Description of problem: ========================= When we set shd threads to say 4 and wait for the heal. We can see that the selfheal deamon consumes abotu 150% cpu at an average consitenty as long as heal goes on. THis can really put resources on strain. For that reason, I am guessing even my systemic testing where heal is pending and mtsh is set to 4 are so busy with kernel hung messages that I can't even log in. I can only ping to the machines. I know mtsh comes with the trade off of resources but there must be a cap to it Version-Release number of selected component (if applicable): =========== 3.8.4-5
For eg, I have attached some cpu log files, you can notice that 1102 is the self heal deamon process of the source brick with shd option set to default 1 ===>avg cpu consumption is <100% However with the threads set to 4, the avg cpu consumption is ~150% (refer 3354) leg_newlog.log ==>legacy gluster processes top o/p newlog.log ==>with mtsh set to 4
Created attachment 1223175 [details] log files
Dev comment : We can't fix this bug atm as per the design, raising number of threads would definitely eat up more CPU. We'd need to loop in Perf team to assess the h/w recommendation for MT-self heal usage which needs to be documented. Pranith will follow up with perf team. A decision has been arrived to take this bug out of 3.2.0 in today's triage meeting between Dev, QE & PM. More details at https://docs.google.com/spreadsheets/d/1ew4cafcvIVEWuJ4tLDuZ4ao7ZTYpsRz5NwCtQ4JVZaQ/edit#gid=0
Seeing similar stuff on physical perf machines.
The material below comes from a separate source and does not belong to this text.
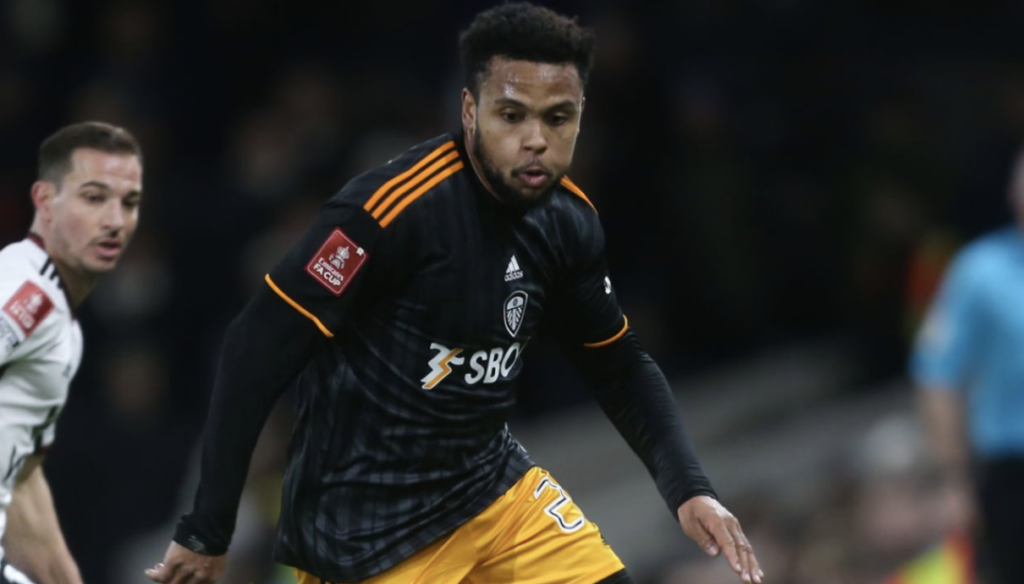 Weston McKennie admits Leeds United loan spell was “lowest career point”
I see CPU usage shooting upto 150% (and it stays there),though I could login etc to my machines since the machines I ma using are pretty high-end with 24 cores and 48G RAM.
Mohit's patch upstream: https://review.gluster.org/#/c/18404/
This bug has been verified as part of bug 1478395. Changing status to Verified.
Have updated the doc text. kindly review and confirm.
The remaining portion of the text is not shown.